Consumo é pertencimento
De acordo com os dados, 83% dos entrevistados preferem produtos que aliem preço acessível e qualidade. Para 85%, conseguir adquirir um item considerado difícil de acessar é motivo de realização pessoal. Além disso, 78% se esforçam para comprar aquilo que não puderam ter na infância ou adolescência, demonstrando uma clara associação entre consumo, dignidade e superação de desigualdades.
A pesquisa também revelou o lado emocional do consumo: metade dos moradores de favelas já vivenciou situações de constrangimento ou humilhação por não ter acesso a determinados produtos.

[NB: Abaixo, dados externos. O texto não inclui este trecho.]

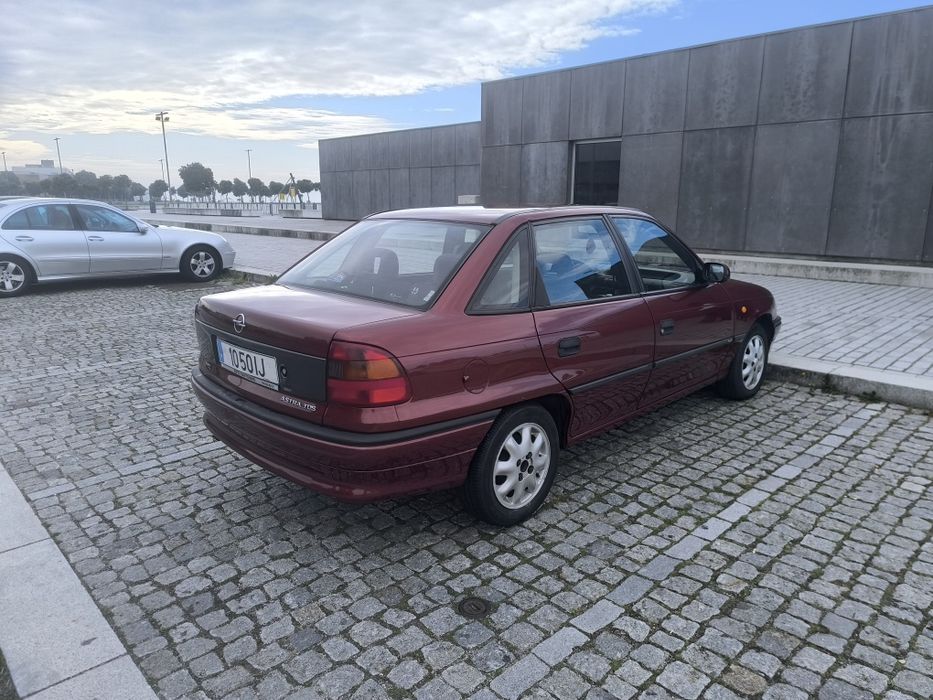 Opel Astra 1.7 turbo (Motor Isuzu)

E 62% relataram sentir-se excluídos por não conseguirem acompanhar tendências ou consumir itens que estão na moda.
Beleza como ferramenta social e profissional
A aparência pessoal é um valor importante para grande parte dos entrevistados. Para 77%, cuidar da própria imagem é prioridade. Mais da metade (57%) considera cosméticos produtos de primeira necessidade, enquanto 37% acreditam que a boa aparência pode favorecer a conquista de melhores oportunidades no mercado de trabalho.
Plataformas favoritas e compras pela internet
O comércio on-line tem forte adesão entre os moradores de favelas. Seis em cada dez entrevistados afirmaram comprar pela internet. As plataformas preferidas são Shopee, Mercado Livre e Shein — com a primeira liderando isoladamente, sendo usada por 40% dos consumidores.
Nos próximos seis meses, os produtos mais desejados são:
-
Roupas (70%)
-
Itens de beleza e perfumaria (60%)
-
Produtos exclusivamente de beleza (51%)
-
Materiais de construção (51%)
-
Eletrodomésticos (51%)
-
Eletrônicos (43%)
-
Cursos diversos (43%)
-
Cursos de idiomas (29%)
Barreiras no comércio on-line
Apesar da alta adesão ao e-commerce, ainda há obstáculos importantes. Seis em cada dez consumidores já enfrentaram atrasos nas entregas. E 20% relataram que seus endereços não foram encontrados, o que impediu a chegada dos pedidos.
Fraudes também são uma preocupação: metade dos entrevistados disse já ter recebido mensagens ou e-mails falsos sobre encomendas, e um terço caiu em golpes relacionados a esse tipo de fraude.
Sonhos e prioridades nas favelas
O estudo também investigou os principais anseios dos moradores. O maior sonho, para 19%, é ter melhores condições de moradia. A seguir vêm o acesso à saúde (18%) e à segurança (18%).
Outros desejos mencionados incluem:
-
Mais infraestrutura, como esgoto e iluminação (14%)
-
Respeito à comunidade (9%)
-
Opções de lazer (7%)
-
Mais escolas (5%)
-
Melhor transporte público (4%)
-
Outros sonhos (5%)
-
Não definiram um sonho prioritário (1%)
O levantamento mostra que, longe de serem apenas espaços marcados pela carência, as favelas brasileiras concentram uma população conectada, com desejos, capacidade de consumo e busca por dignidade. O consumo é visto não apenas como aquisição de bens, mas como uma forma de afirmação social e realização pessoal.
O estudo também evidencia o quanto políticas públicas direcionadas, como melhorias em infraestrutura, transporte, saúde e segurança, são essenciais para atender aos anseios dessas comunidades e ampliar o seu protagonismo dentro da economia nacional.